Tesla CEO Seals Record-Breaking Pay Deal of £40 billion

Tesla car maker founder Elon Musk will become the world’s richest man if he can drive the company on to a $650 billion business in just 10 years.

The CEO and founder of electric car company Tesla will become the world’s wealthiest individual if an incentive scheme to grow the business comes to fruition.

The deal is quite simple.

Musk, 46, is already a billionaire and has agreed to take no pay for a decade.

If he hits pre-determined performance milestones along the way, he will qualify for a massive £40 billion bonus at the end of the 10-year contract.

No guarantees

“Elon will receive no guaranteed compensation of any kind – no salary, no cash bonuses, and no equity that vests by the passage of time,”  said a company spokesman. “Instead, Elon’s only compensation will be a 100% at-risk performance award, which ensures that he will be compensated only if Tesla and all of our stockholders do extraordinarily well.
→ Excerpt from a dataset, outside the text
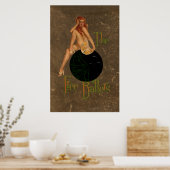 Freie Baller Poster (Küche)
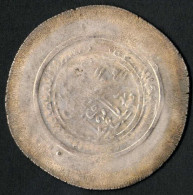 Nuh II. B. Mansur, 366-387AH 976-997, Mehrfach Dirham Silber, Ohne Jahr Yumgan Gov. Al-Harith, Mich 731 (YM6), Sehr Schö - Islamiques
“For Elon to fully vest in the award, Tesla’s market cap must increase to $650bn.”

Tesla is currently worth around $60 billion.

On today’s stock exchanges, only three companies are worth more than the $650 billion target – Apple ($908 billion), Google’s parent company, Alphabet ($807 billion) and Microsoft ($707 billion).

“We believe Tesla has a unique opportunity to continue delivering stockholder value,” Tesla’s board, wrote to shareholders.

Hard-to-achieve goals

“Our aspirations may appear ambitious to some, and impossible to others, and that is by design. We like setting challenging, hard-to-achieve goals for ourselves, and then focusing our efforts to make them happen. This is why we based this new award on stretch goals and why we gave Elon the ability to share in the upside in a way that is commensurate with the difficulty of achieving them.”

The award pays out in 12 tranches, depending on market capitalisation and revenue targets. To collect the first pay out of 1% of the company’s shares – worth about $600 million at today’s prices – Tesla’s market value must hit $100 billion.

Musk will collect additional 1% stock grants for every additional $50 billion increase in market value.